A month or so back, I posted this picture, of my parents' 150 year old homestead in the freak snowstorm we had:
The other night, we saw it like this:
We are devastated. My family have lived in that home for 100 years, and it contained countless Irreplaceable family heirlooms, as well as all of the simple, essential things needed to run a large sheep farm - vehicle keys, gumboots. lambing records. My sisters lost their clothes, shoes, laptops, university notes. I live over the road, so it wasn't really my everyday *stuff* that was lost. But little things like special childhood toys, books, Christmas decorations - all of those things that create and cement memories are gone.

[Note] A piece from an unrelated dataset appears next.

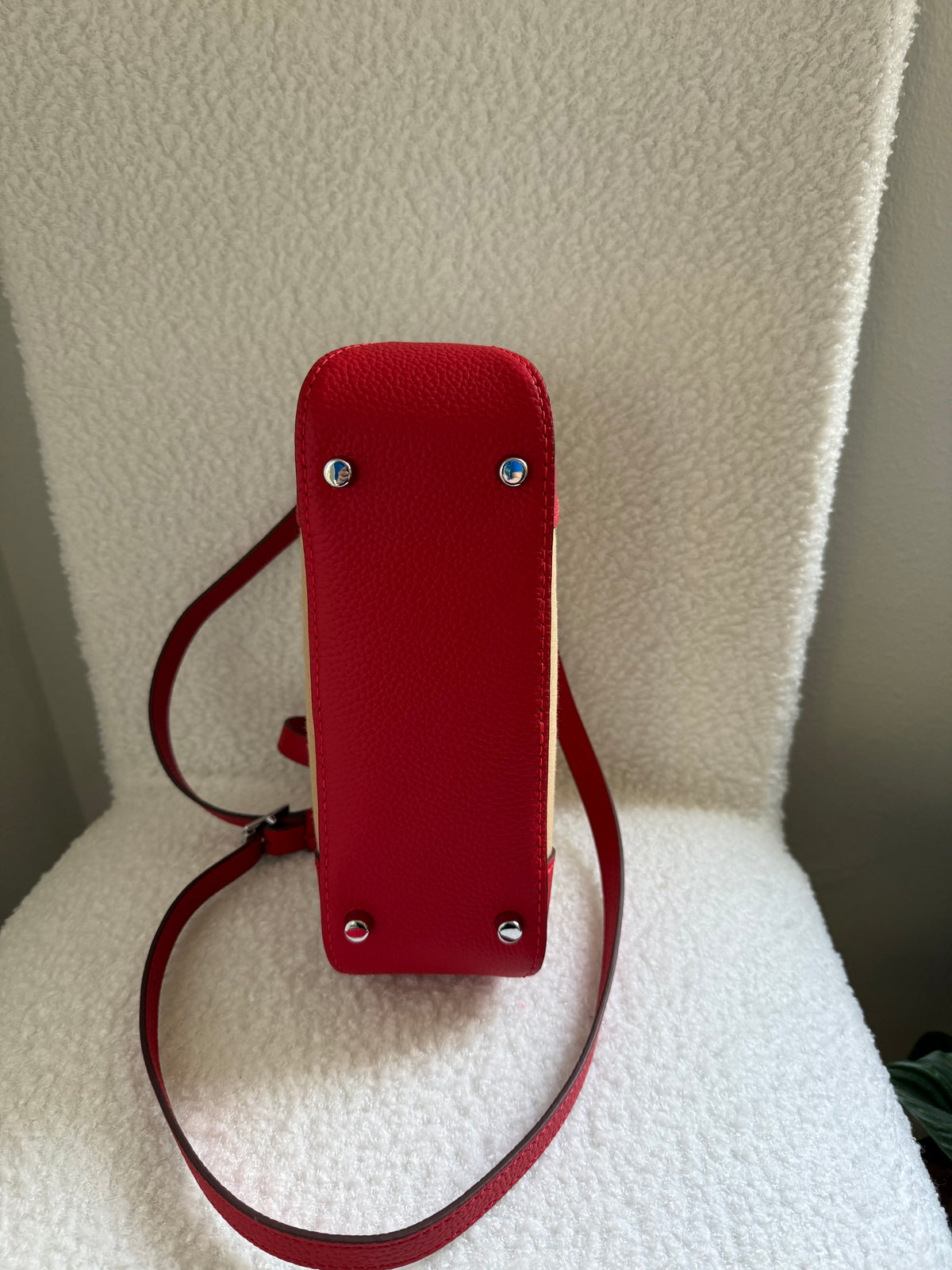 Handmade Upcycled Louboutin Dustbag Two-Way Handbag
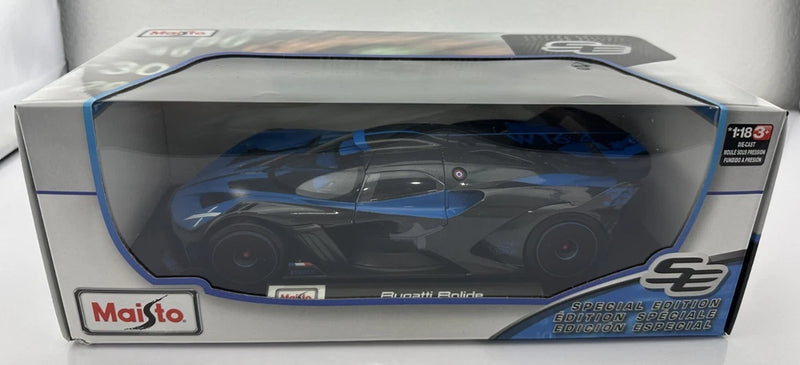Maisto "Bugatti Bolide" Blue 1:18 scale. Diecast Model Car. New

I was at a baby shower today, and teared up when I realised we've lost our baby record books. You never miss them, until they're gone.
The house was beautiful. She'd been a bit rough when Mum and Dad first moved in 11 years ago, but they had almost finished the renovation, with just 2 bedrooms, the laundry and the exterior painting left to finish. On a house of that magnitude, an incredible amount of work had been completed, mostly by Dad and relatives. This wasn't a renovation done on a shoestring, either, unlike the one Steve and I completed on our old house. We'd done a good job (if I do say so myself ;-) ) but for us, money was a big constraining factor, and to begin with, our house (though a similar age) didn't have the... grandeur, I guess, that Bankhead did. In it's day, it was a show home, and it was very close to being that again.
But through it all, the wonder of humankind comes through. Wonderful, wonderful folk who gave meals, baking, time out of their own busy lives to sit and cry with us, look after our children or sift through ashes to try and find our treasures.